The good news is that these relatively high birth rates mean an ageing population should be manageable, with some painful adjustments. Yet these adjustments are already being made, as we leave behind the obsolete notion that old age starts at 65, and now that a longer lifespan is matched with the later entitlement to pensions. Of course, rapid population growth in countries such as Britain leads to other worries: about integration, housing, infrastructure and unreformed public services.
Western countries enjoy many less tangible - but still vital - advantages over rivals in the developing world. For us, economic and social inequality is relatively modest. This helps to preserve a democratic consensus and political stability. Welfare and the rule of law, the security of property and contracts are well established. For the most part, the secular societies of the West are based ideally on notions of equal citizenship and mutual civic obligation, not on a narrow focus on duty and entitlement based on kinship or faith. A rich civil society of connections independent of the state flourishes.
Despite their enormous size and staggering economic prowess, emerging superpowers may not be ruling the world any time soon. Certainly their growing military might is amply demonstrated by their space and missile programmes, their growing defence budgets, their acquisition of the outward signs of projected power in the form, for example, of aircraft carriers. Yet they face obstacles unlike those that affect the West, or which the West has left behind.

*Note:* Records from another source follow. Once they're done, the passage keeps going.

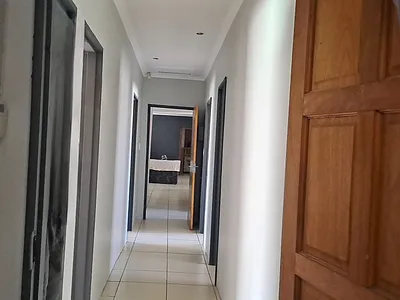 4 Bedroom House For Sale in Springs - img
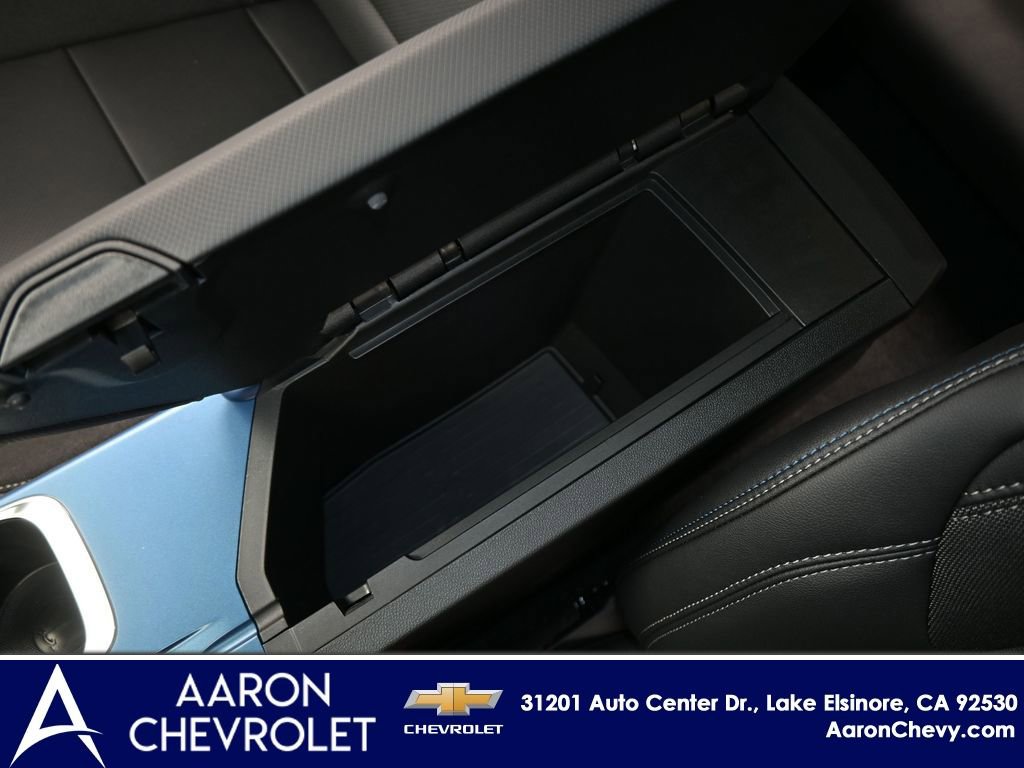 New 2026 Chevrolet Equinox EV LT image 32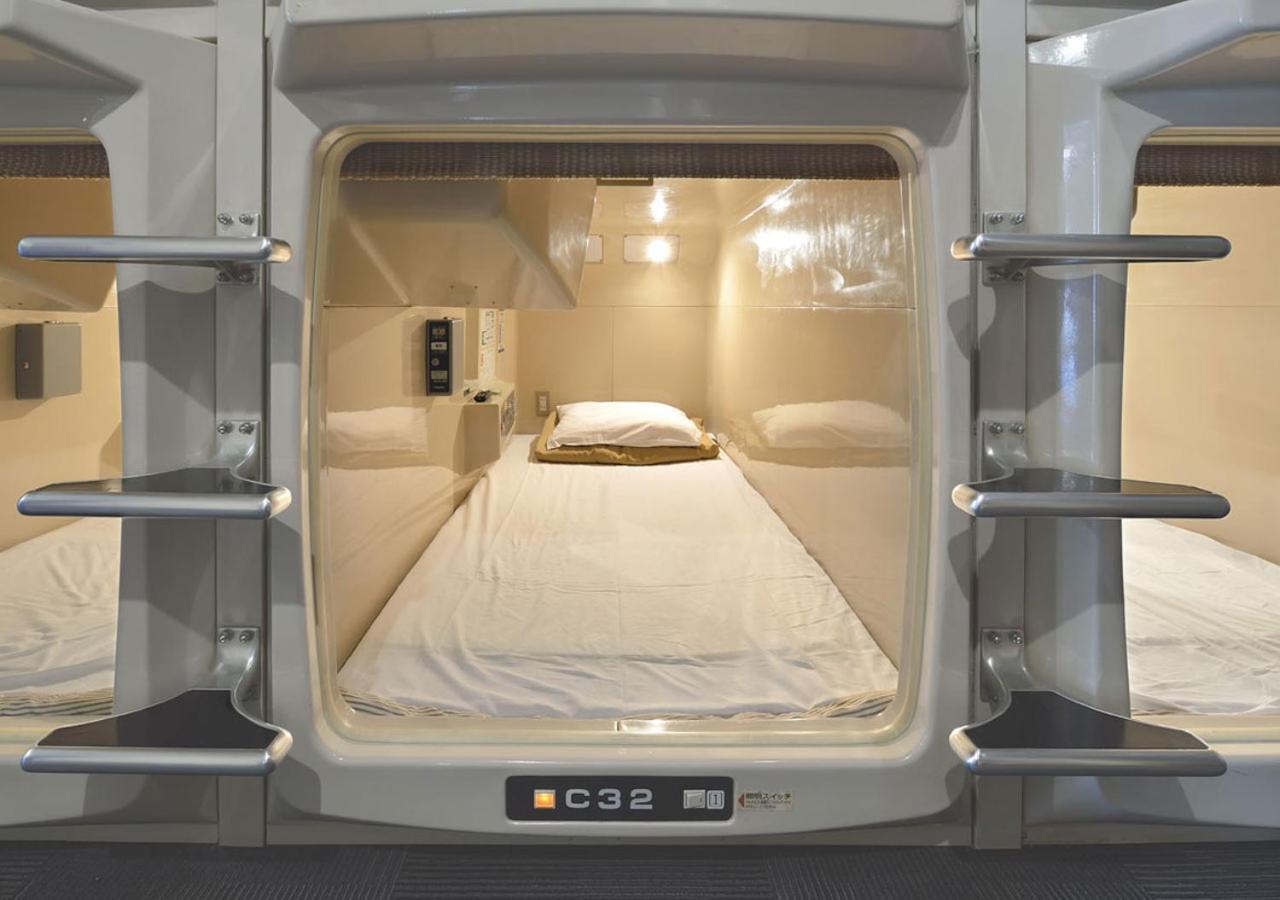 Hotel cápsula Capsule&sauna Rosco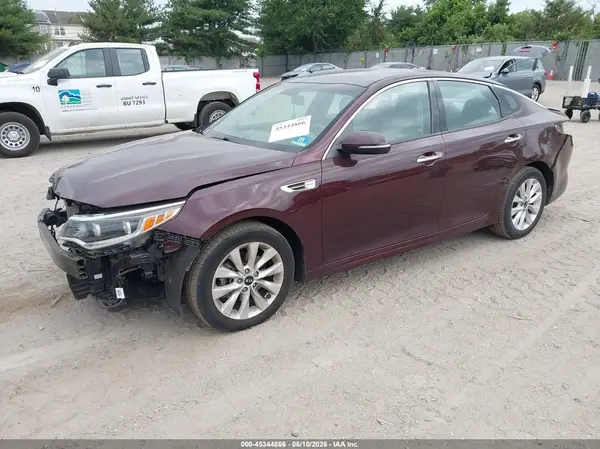 5XXGU4L30GG093871 2016 KIA OPTIMA - Image 2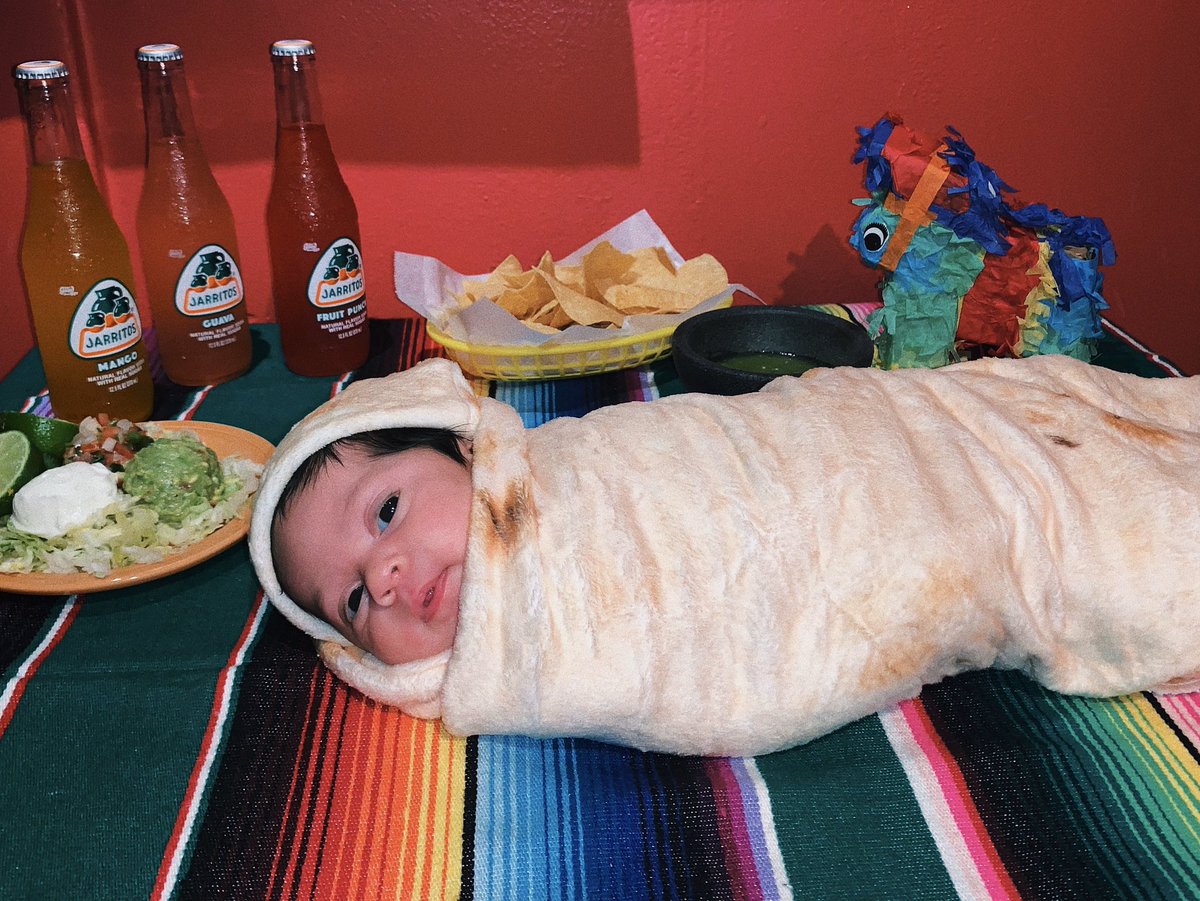 camrynawr's tweet photo. my beautiful burrito is one month old 🌯💗 https://t.co/jrPOcDwirv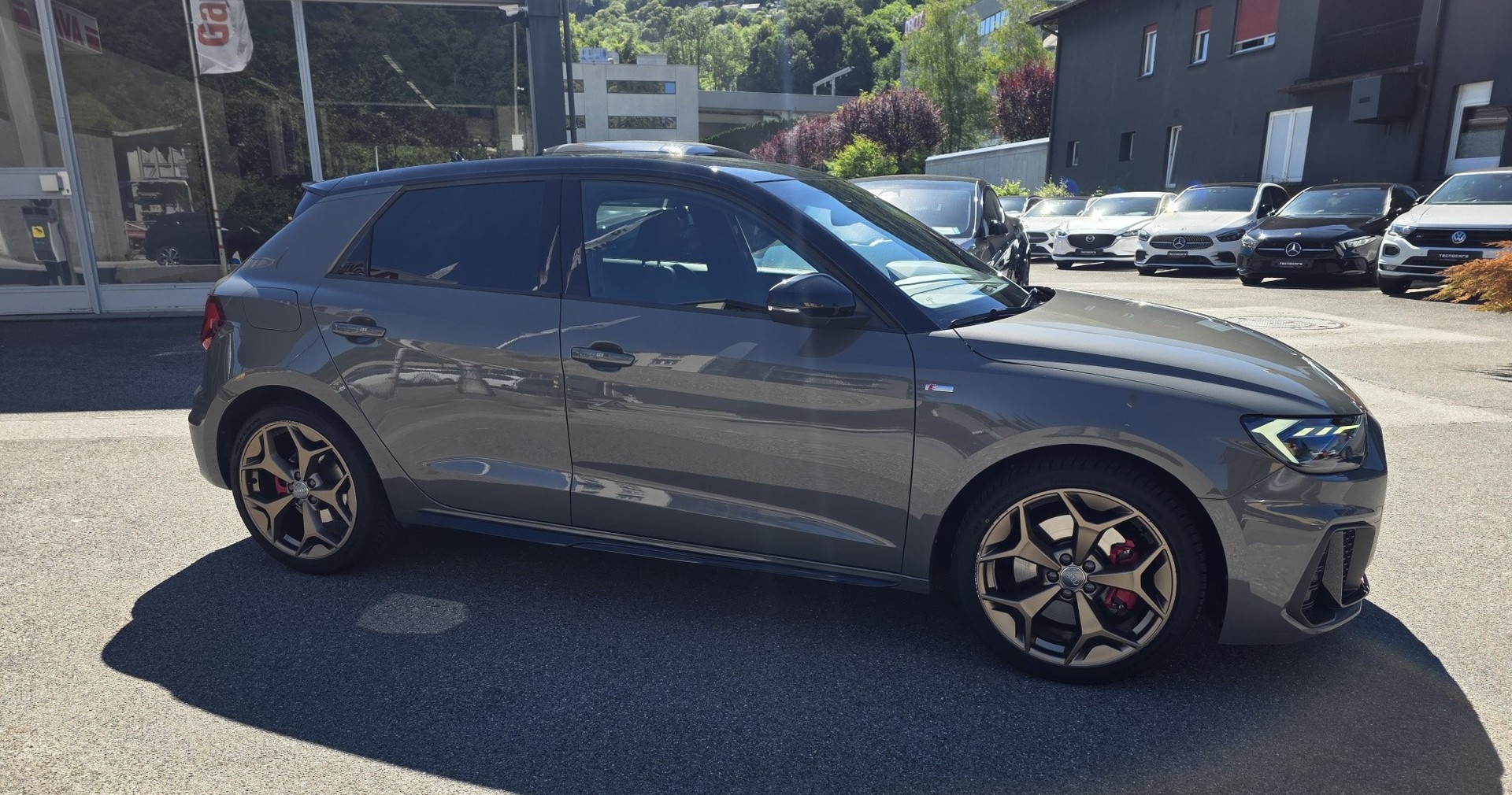 AUDI A1 Sportback 35 TFSI S Line S-tronic-image-2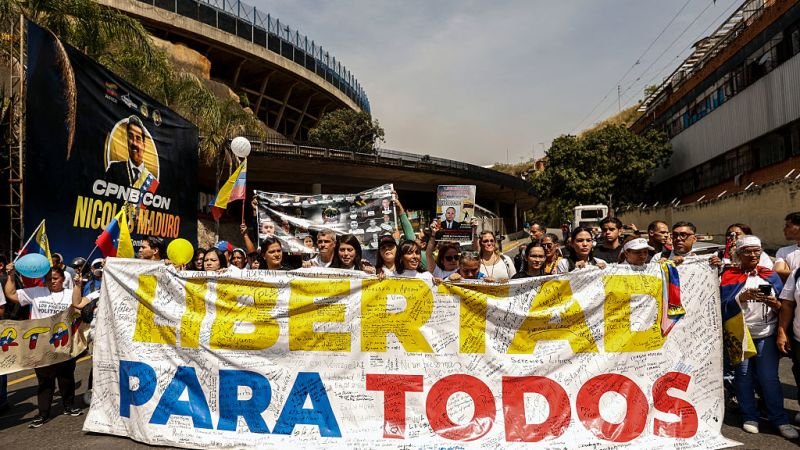 Manifestantes en Venezuela portan pancartas que exigen libertad para los presos políticos tras el anuncio de su excarcelación. Foto de: CNN en Español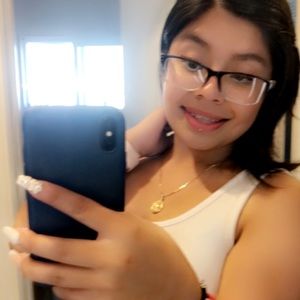 Meet your Posher, Yaretzi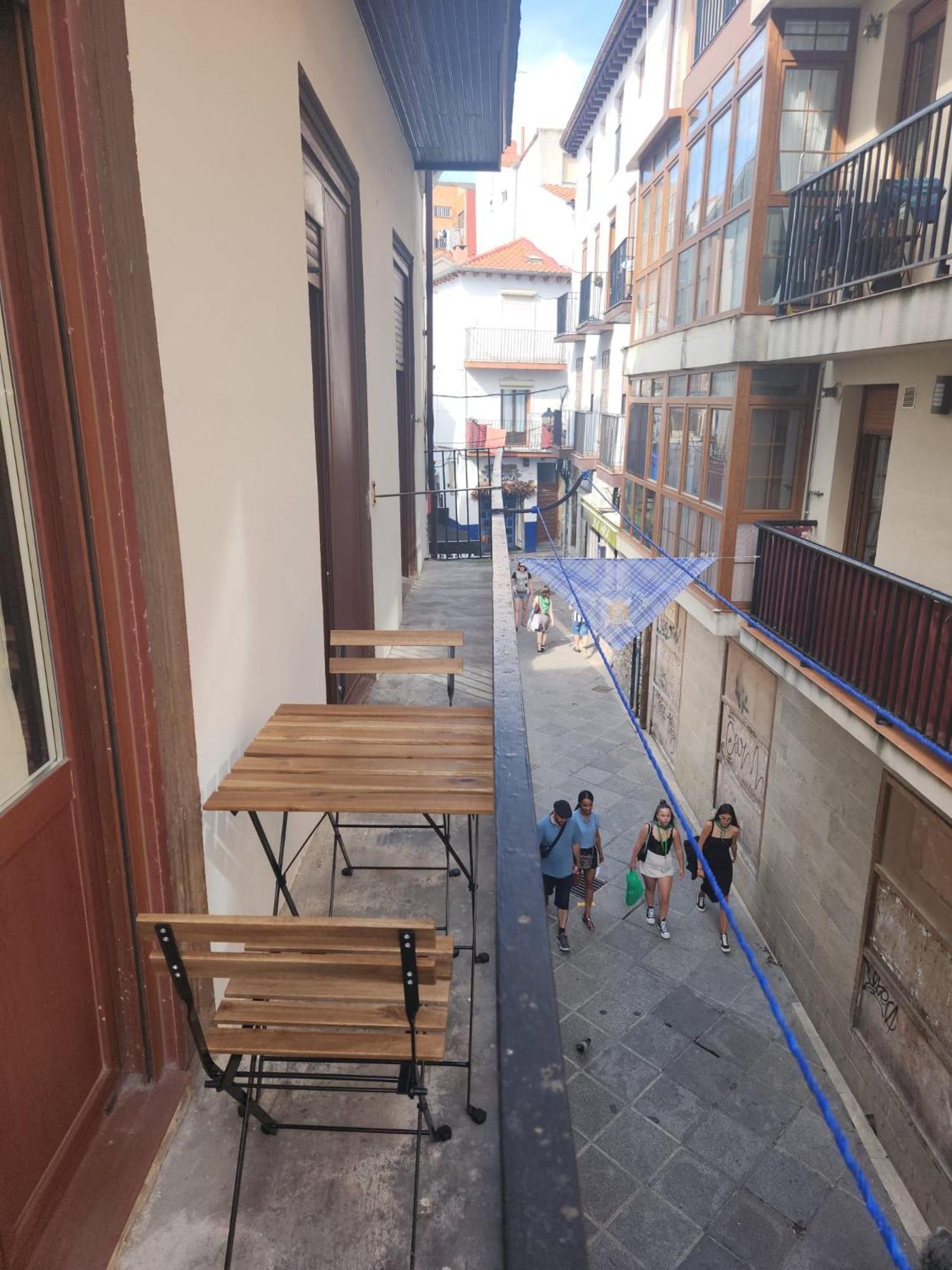 Апартаменты La Zona Mas Animada De Castro, Bares Y Restaurantes Кастро-Урдиалес Экстерьер фото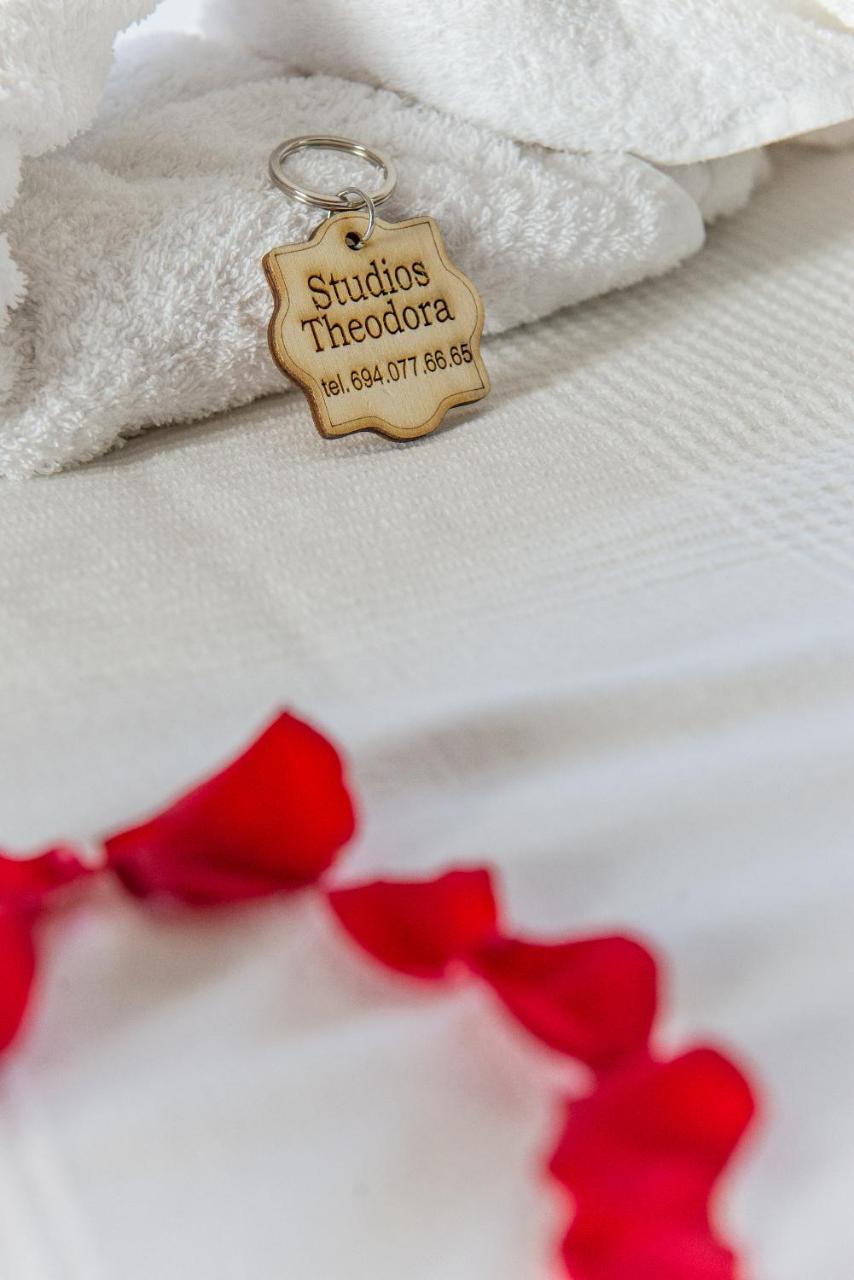 Theodora Rooms Poros Town Zewnętrze zdjęcie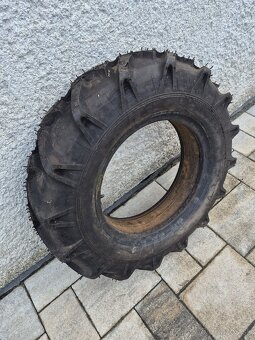 Šípov pneu 6,50/16 - 2
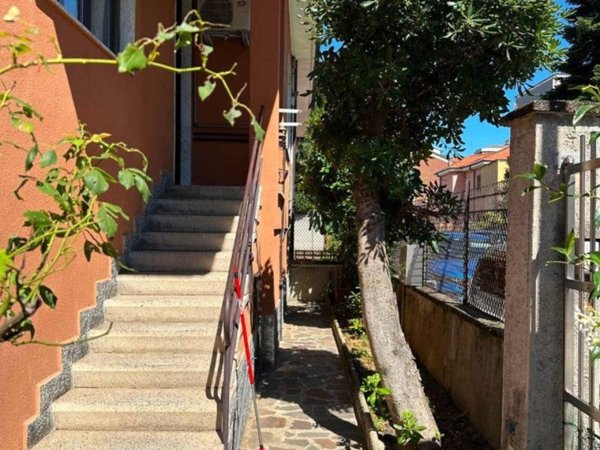 casa indipendente in vendita a Cinisello Balsamo in zona Robecco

Some of these obstacles are demographic, others more cultural or institutional, yet others are climatic. India's growing population, soon to become the biggest in the world, faces problems of resource sustainability - water, food, raw materials - made worse by its vulnerability to climate change. China also faces resource and climate problems and, with India, ranks as the worst-polluted country on Earth, which creates a significant burden on health and is a source of public unrest.
As in most predominantly agricultural societies, inequality remains very high. India's brilliant technicians send probes to Mars, but 28 per cent of the country's children attending day-care centres are malnourished and underweight - 50 per cent in the state of Bihar. The country's extraordinary democracy may function well, but Hindu nationalism and corruption are stirring public unrest.
China, meanwhile, risks falling into a low-fertility trap. Contrary to what many have said, it seems that there will be no rebound of the birth rate, even if the one-child policy were to be abandoned. In urban China, couples prefer one child and tend to only have one even when allowed two - a preference reinforced by urban conditions and cramped housing. China already faces severe levels of population ageing; continued low fertility would perpetuate it. Unlike the West, China risks becoming old before it becomes rich; others following in its footsteps risk doing likewise.
Change came slowly in Western countries; demographic maturity and economic modernisation proceeded hand in hand. But in some emerging economies, economic growth has raced ahead of social change. There, traditional patriarchal cultures typical of agricultural societies persist, as misfits, into the modern world. Sexes remain unequal, women retain responsibility for children, family and household, while outside the home they only very slowly approach equality with men. That can depress fertility rates to very low levels. Indeed, it is still a problem in southern Europe and the industrial countries of East Asia, such as Japan, Korea and Taiwan.
Worse, many emerging economies are not truly democratic and do not enjoy developed justice systems, security of property or civil society. Unlike the Soviet Union, the Chinese communist system has sustained autocracy through growing prosperity. But political stability and development is threatened by pervasive corruption. Generally, the countries of the Global South face potentially more severe effects from global climate change than those of the Global North.
Before we get carried away and trumpet our own continued triumph too loudly, we must be careful not to invent a "Death of the Rest" myth to replace the "Death of the West". No doubt many of the developing world's problems will be overcome. Autocratic governments retain some advantages in problem-solving and the creativity of many societies outside Europe is remarkable. But we need to pause, take stock, and take heart that, for demographic and broader reasons, the future balance between the "West and the Rest" is likely to be more nuanced, less sensational, less ruinous to the West, than we have been led to believe.